* [Requirement]
Write each line again exactly as it is, from the opening line of the records below through the one containing "Torino FC v US Cremonese - Serie A", and add nothing.

[Excerpts from a dataset]
-=-=-=-=-

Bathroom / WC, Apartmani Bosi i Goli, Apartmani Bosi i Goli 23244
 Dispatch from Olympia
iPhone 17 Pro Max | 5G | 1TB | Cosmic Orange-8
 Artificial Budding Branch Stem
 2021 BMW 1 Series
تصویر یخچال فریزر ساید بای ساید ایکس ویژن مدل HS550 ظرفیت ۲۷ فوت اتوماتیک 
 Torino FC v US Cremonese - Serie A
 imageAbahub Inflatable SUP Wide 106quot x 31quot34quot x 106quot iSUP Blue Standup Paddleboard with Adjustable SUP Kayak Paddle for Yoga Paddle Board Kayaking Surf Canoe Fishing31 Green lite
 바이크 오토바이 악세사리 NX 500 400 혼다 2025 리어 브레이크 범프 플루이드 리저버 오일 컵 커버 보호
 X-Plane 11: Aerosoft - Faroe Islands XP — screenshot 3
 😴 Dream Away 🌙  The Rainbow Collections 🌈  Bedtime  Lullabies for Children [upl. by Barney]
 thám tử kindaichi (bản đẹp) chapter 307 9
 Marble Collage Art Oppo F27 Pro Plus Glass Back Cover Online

-=-=-=-=-

* [Response to this task]
Bathroom / WC, Apartmani Bosi i Goli, Apartmani Bosi i Goli 23244
 Dispatch from Olympia
iPhone 17 Pro Max | 5G | 1TB | Cosmic Orange-8
 Artificial Budding Branch Stem
 2021 BMW 1 Series
تصویر یخچال فریزر ساید بای ساید ایکس ویژن مدل HS550 ظرفیت ۲۷ فوت اتوماتیک 
 Torino FC v US Cremonese - Serie A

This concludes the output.